* _ABOUT THIS TASK_
Each line from the opening of the material through the line holding "Angle the right" needs to be returned exactly, with the pictures left out.

* _SOURCE DATA_
******
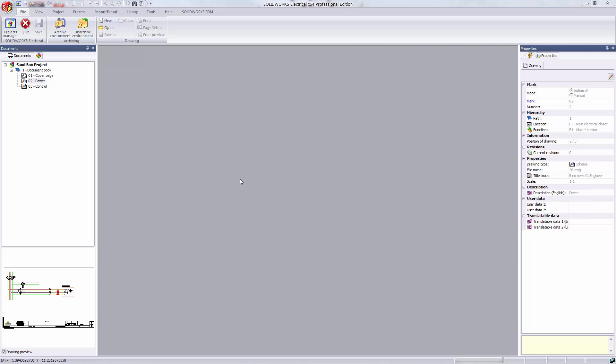Hello, my name is Kate Hedberg. I'm an applications engineer here at GoEngineer. I'm going to introduce how to create simple ladder diagrams in SOLIDWORKS Electrical.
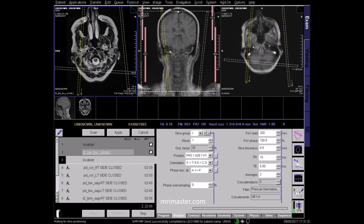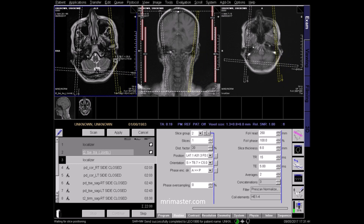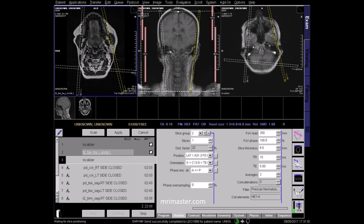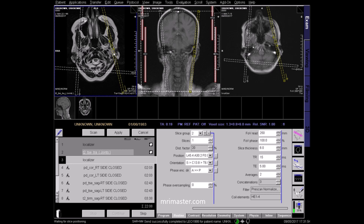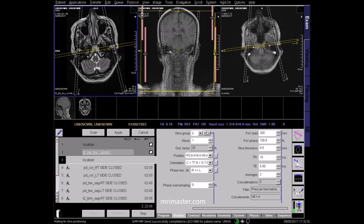Angle the right sagittal localiser perpendicular to the length of the right mandibular condyle, and the same on the left side. For the coronal localiser, position the block through the length of the condyles. On the coronal plane, tilt the blocks angling along the right and left rami of the mandible, and apply.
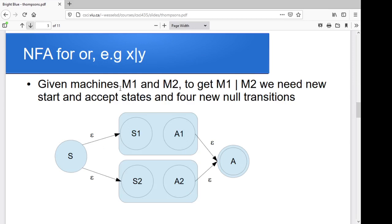If I want to accept either X or Y, and I've got my machine for X and my machine for Y, we add a new start state and a new accept state. I throw in a null transition to X's start state, and a null transition from X's accept state to the new accept. So if I see an X, I take that null transition, process my X, take a null transition, and wind up in an accept. Then I do the same for Y — a null transition to Y's start state, process Y, wind up in Y's accept, then a null transition to the new accept state. So again, we add two new states and four null transitions.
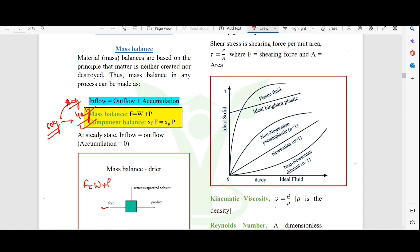For the component balance in a dryer, consider the solid balance. If we have x amount of solids in the feed, we multiply it with the feed value. The water that has been evaporated contains zero solids, plus y times the amount of solids present in the product.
******
* _REPLY_
Hello, my name is Kate Hedberg. I'm an applications engineer here at GoEngineer. I'm going to introduce how to create simple ladder diagrams in SOLIDWORKS Electrical.
Angle the right sagittal localiser perpendicular to the length of the right mandibular condyle, and the same on the left side. For the coronal localiser, position the block through the length of the condyles. On the coronal plane, tilt the blocks angling along the right and left rami of the mandible, and apply.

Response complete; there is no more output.